An exact copy of every entry below is required, and no picture may appear in it.

(Record extracts Opens)

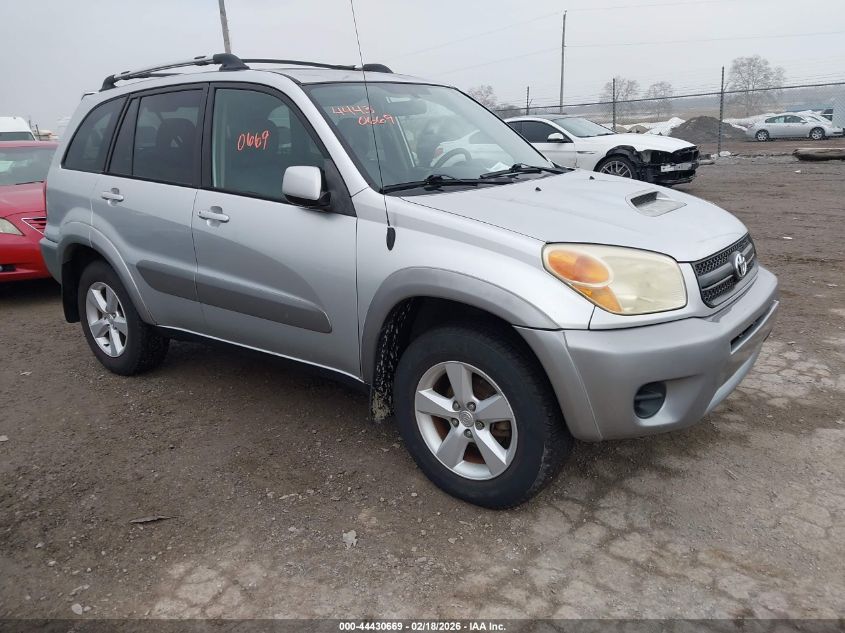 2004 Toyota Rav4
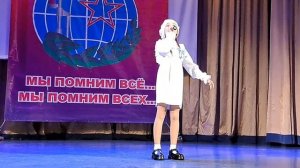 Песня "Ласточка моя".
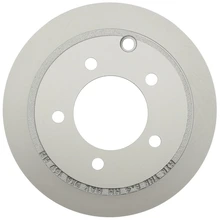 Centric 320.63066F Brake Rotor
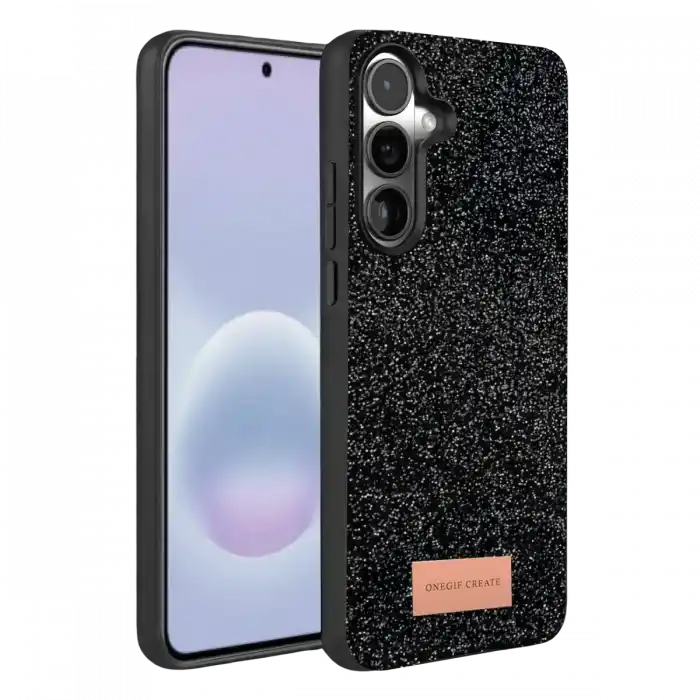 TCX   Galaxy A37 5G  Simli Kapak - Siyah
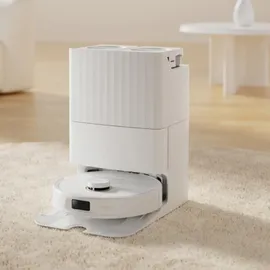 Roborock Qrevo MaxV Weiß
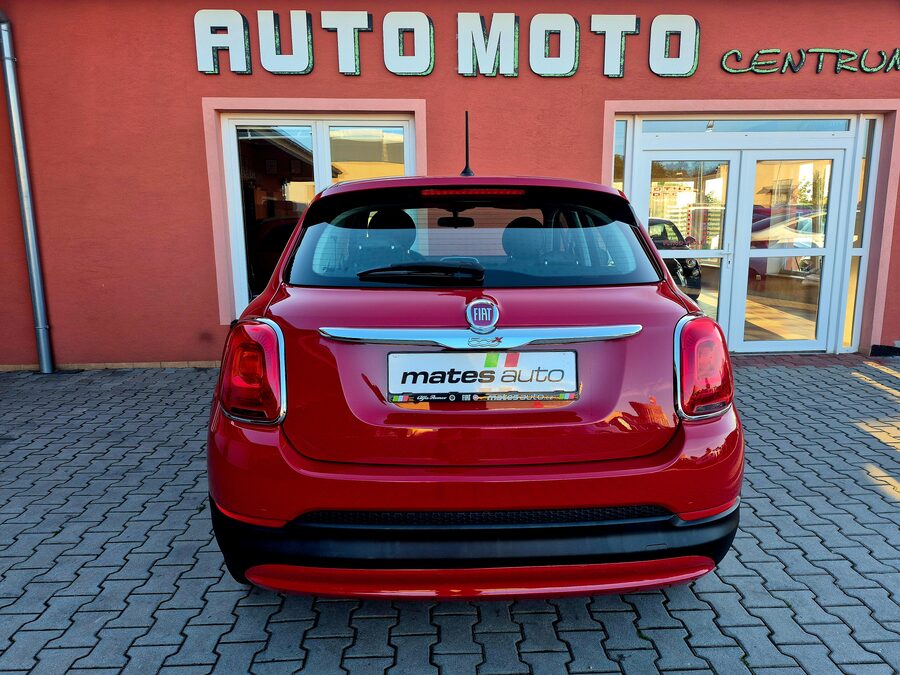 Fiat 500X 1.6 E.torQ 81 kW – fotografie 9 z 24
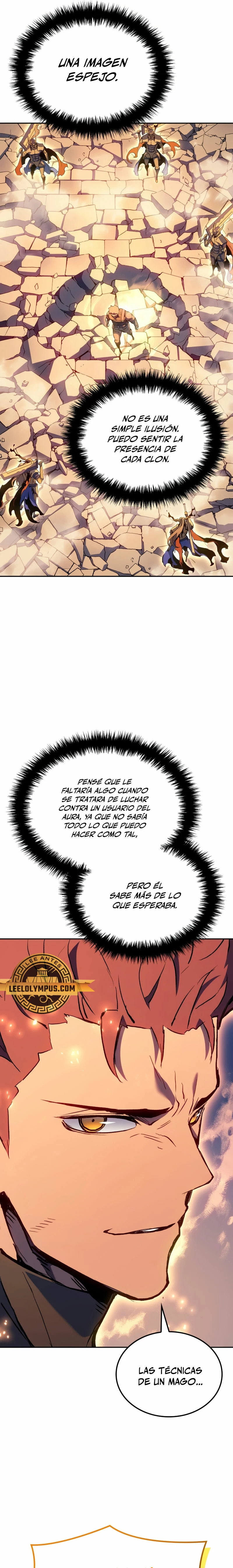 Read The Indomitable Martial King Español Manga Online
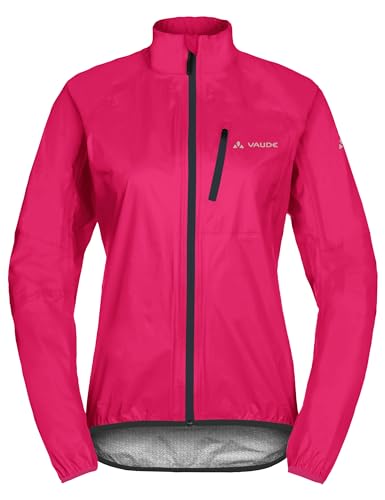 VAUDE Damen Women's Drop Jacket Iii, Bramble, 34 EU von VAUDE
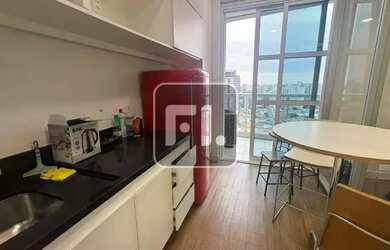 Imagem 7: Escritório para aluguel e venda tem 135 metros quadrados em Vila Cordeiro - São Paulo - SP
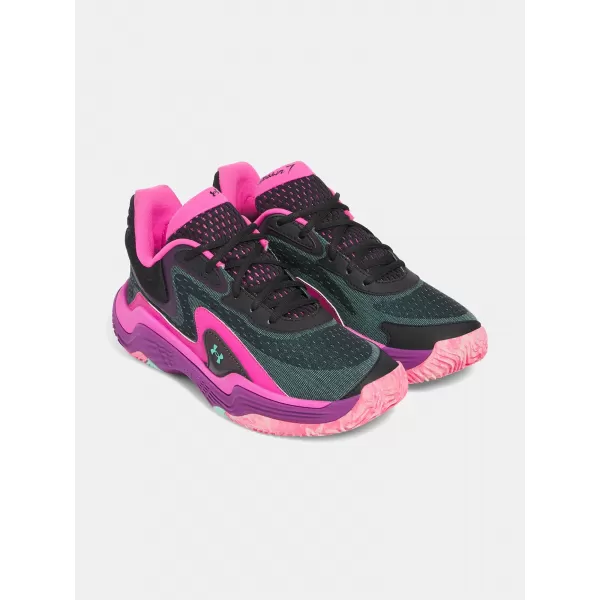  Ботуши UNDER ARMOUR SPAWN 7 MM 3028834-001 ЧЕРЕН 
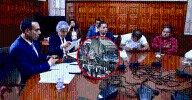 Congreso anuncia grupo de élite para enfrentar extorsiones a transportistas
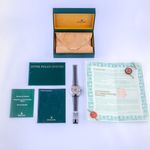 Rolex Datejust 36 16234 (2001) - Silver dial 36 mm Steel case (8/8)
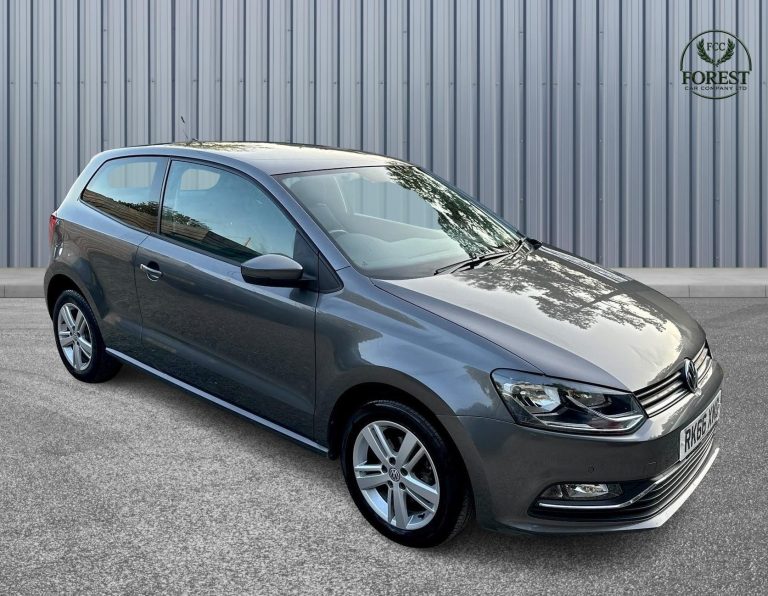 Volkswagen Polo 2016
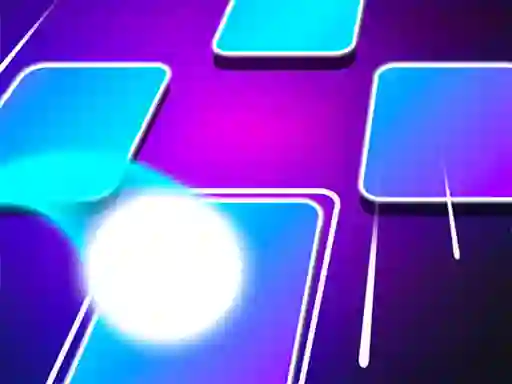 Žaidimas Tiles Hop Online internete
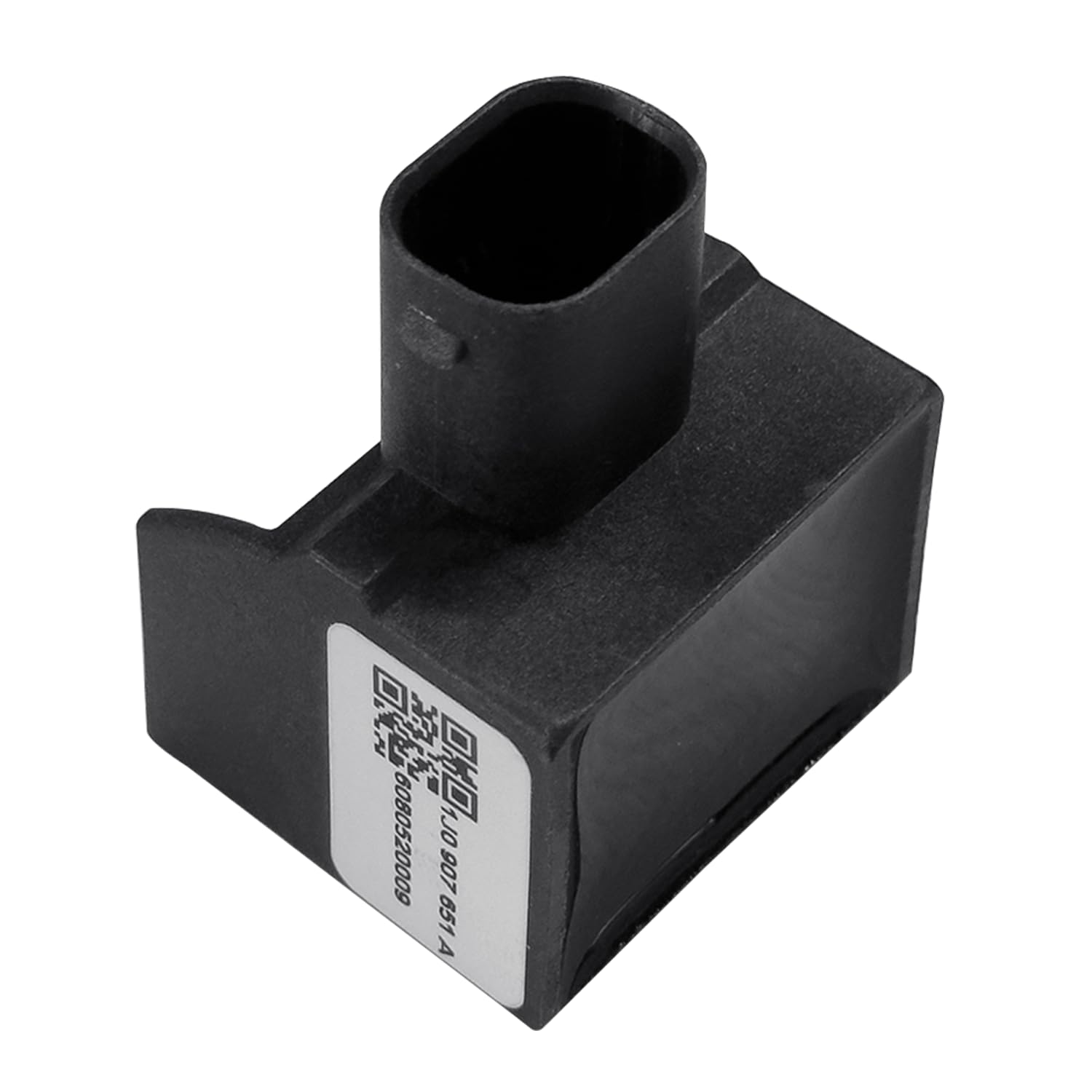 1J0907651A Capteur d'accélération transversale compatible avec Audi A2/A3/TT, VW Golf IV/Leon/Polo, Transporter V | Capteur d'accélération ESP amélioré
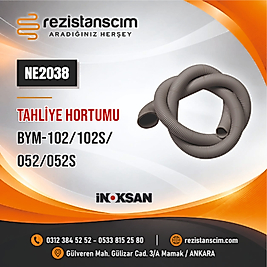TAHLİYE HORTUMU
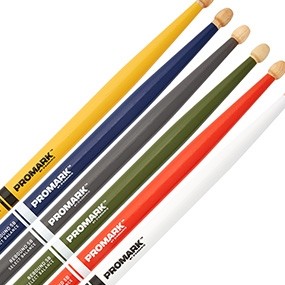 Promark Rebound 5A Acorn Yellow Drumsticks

(Record extracts Closes)

Problem solution -
 2004 Toyota Rav4
 Песня "Ласточка моя".
 Centric 320.63066F Brake Rotor
 TCX   Galaxy A37 5G  Simli Kapak - Siyah
 Roborock Qrevo MaxV Weiß
 Fiat 500X 1.6 E.torQ 81 kW – fotografie 9 z 24
 Read The Indomitable Martial King Español Manga Online
 VAUDE Damen Women's Drop Jacket Iii, Bramble, 34 EU von VAUDE
 Imagem 7: Escritório para aluguel e venda tem 135 metros quadrados em Vila Cordeiro - São Paulo - SP
  Ботуши UNDER ARMOUR SPAWN 7 MM 3028834-001 ЧЕРЕН 
 Congreso anuncia grupo de élite para enfrentar extorsiones a transportistas
 Rolex Datejust 36 16234 (2001) - Silver dial 36 mm Steel case (8/8)
 Volkswagen Polo 2016
 Žaidimas Tiles Hop Online internete
 1J0907651A Capteur d'accélération transversale compatible avec Audi A2/A3/TT, VW Golf IV/Leon/Polo, Transporter V | Capteur d'accélération ESP amélioré
TAHLİYE HORTUMU
 Promark Rebound 5A Acorn Yellow Drumsticks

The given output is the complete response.